## About this exercise
Please report every line in the entries that contains the string "Dress".

Brief descriptive captions
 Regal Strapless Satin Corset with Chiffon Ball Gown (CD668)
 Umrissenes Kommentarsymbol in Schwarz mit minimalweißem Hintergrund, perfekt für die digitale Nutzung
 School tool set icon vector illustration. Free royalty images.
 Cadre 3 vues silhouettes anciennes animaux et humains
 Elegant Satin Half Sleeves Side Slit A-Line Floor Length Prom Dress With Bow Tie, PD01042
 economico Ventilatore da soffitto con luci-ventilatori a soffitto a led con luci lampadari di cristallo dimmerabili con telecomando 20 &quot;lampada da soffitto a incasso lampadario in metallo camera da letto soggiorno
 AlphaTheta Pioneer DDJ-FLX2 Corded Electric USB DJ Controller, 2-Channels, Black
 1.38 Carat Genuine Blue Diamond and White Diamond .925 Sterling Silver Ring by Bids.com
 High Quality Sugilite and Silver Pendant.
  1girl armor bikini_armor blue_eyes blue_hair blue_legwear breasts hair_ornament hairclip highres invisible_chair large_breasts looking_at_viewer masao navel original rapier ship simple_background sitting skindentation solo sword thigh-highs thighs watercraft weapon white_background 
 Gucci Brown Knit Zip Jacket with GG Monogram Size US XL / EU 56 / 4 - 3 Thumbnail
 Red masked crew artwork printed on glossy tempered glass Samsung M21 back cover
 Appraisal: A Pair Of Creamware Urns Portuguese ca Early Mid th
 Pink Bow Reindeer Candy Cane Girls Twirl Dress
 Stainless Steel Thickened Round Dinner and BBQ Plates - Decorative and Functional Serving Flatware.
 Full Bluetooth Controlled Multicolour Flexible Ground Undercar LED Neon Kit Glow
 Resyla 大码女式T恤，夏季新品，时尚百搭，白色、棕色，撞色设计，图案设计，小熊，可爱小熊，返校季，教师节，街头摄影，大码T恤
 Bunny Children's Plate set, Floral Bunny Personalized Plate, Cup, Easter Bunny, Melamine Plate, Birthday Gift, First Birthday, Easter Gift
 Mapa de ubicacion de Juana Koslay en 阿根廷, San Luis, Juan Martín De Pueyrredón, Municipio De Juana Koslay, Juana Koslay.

## Task response
 Elegant Satin Half Sleeves Side Slit A-Line Floor Length Prom Dress With Bow Tie, PD01042
 Pink Bow Reindeer Candy Cane Girls Twirl Dress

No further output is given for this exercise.